Hasta este libro Ribeyro siempre había mostrado a los pobres seres de su invención humillados en su ineptitud y en su miseria, pero nunca como ahora tan duramente. Su visión se ennegrece, pues, sin que esto quiera decir por necesidad que es la suya, una literatura que progresa hacia lo negativo. No es la condición enfermiza o saludable de su literatura, depresiva o provocadora de reacción contra lo que describe, lo que interesa aquí. Es obvio que todo ello revela el inconformismo de Ribeyro e implica una postura crítica, pero esta nota no pretende otra cosa que explorar el mundo de un narrador singular por sus cualidades, una de las cuales es, precisamente, ofrecernos una visión del mundo con matices personales y nítidos.



Visión de los vencidos

Se ha dicho que la mirada de Ribeyro insiste en un cierto sector de la sociedad.

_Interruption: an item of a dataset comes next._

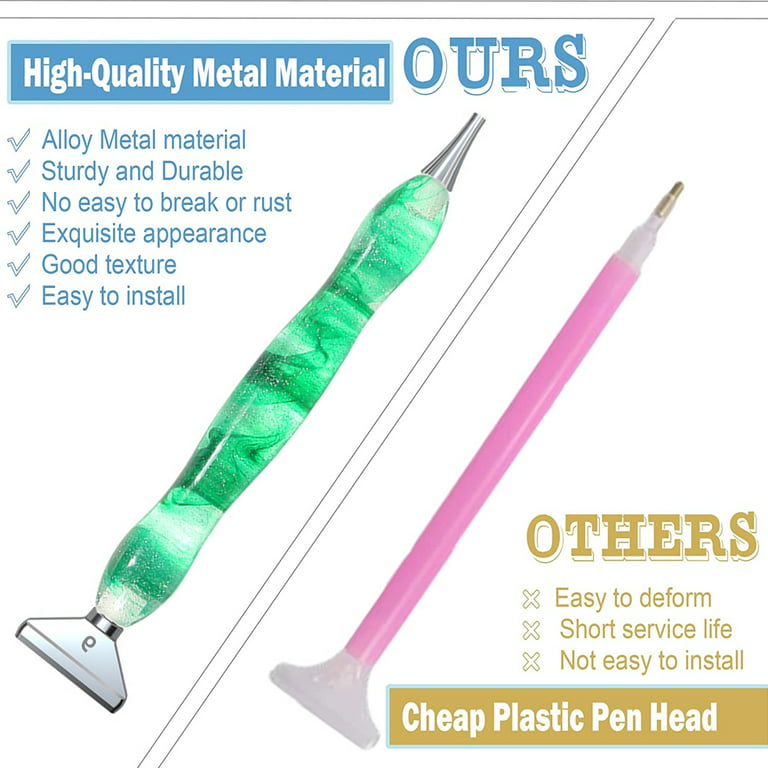 Baiyigs 21Pcs Diamond Painting Pen Accessories Tools Kits for DIY  Art&Craft, Stainless Steel Metal Anti-Fall Tip with Ergonomic Resin Diamond  Art Pen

Ese sector fue, casi exclusivamente, el de las clases llamadas bajas. Él mismo escribió, en 1955, que ello «puede revelar una preferencia de orden sentimental o un dictado de orden técnico. En el fondo son las dos cosas: simpatía, deseo de penetrar y comprender esta esfera social y, por otra parte, simplicidad de las anécdotas y de los conflictos que facilitan su trasposición literaria. La observación y la crítica de las pequeñas y grandes esferas de la burguesía exigirían una mayor agudeza o una mayor compenetración, que por el momento considero en mí insuficientes».

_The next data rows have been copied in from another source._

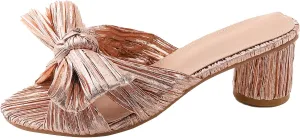 Women's Satin Kitten Heels Mules Sandals Slip On Bowknot Open Toe Backless Dress Low Heeled Slipper Slides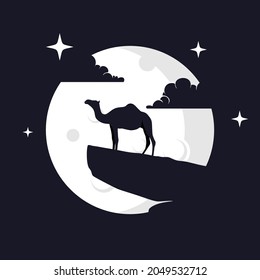 Illustration Vektorgrafik von Camel mit Mondhintergrund. Perfekt für T-Shirt oder Event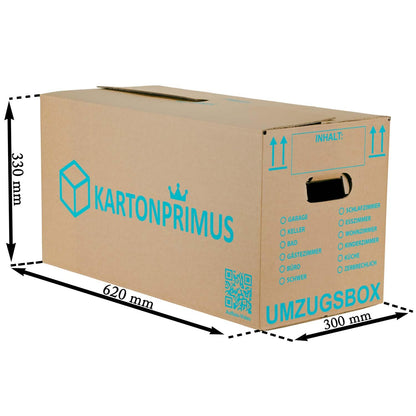 Kartonprimus Umzugskartons 620 x 300 x 330 mm, zweiwellig, 50 Stück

Pues bien, ahora Ribeyro se atreve a tratar otras clases más altas y no para practicar la burla común en «El banquete» (Cuentos de circunstancias, 1958), sino para completar una misma visión: la visión de los vencidos. Dos cuentos de este volumen, «De color modesto» y «La piel de un indio no cuesta caro» ingresan a otro ambiente social: el de un joven arquitecto que tiene una casa de campo, el de las fiestas de Miraflores donde el que llega a los 25 años sin tener auto es mal visto. Pero en uno y otro caso sus protagonistas son tan pobres diablos como siempre. Más allá de las diferencias sociales o económicas, Ribeyro postula un denominador común para los hombres: la miseria moral. El mundo de los jefes, el de los triunfadores, del que su obra apenas si acusa el peso, la opresión, empieza así a unificarse con el que está en su reverso.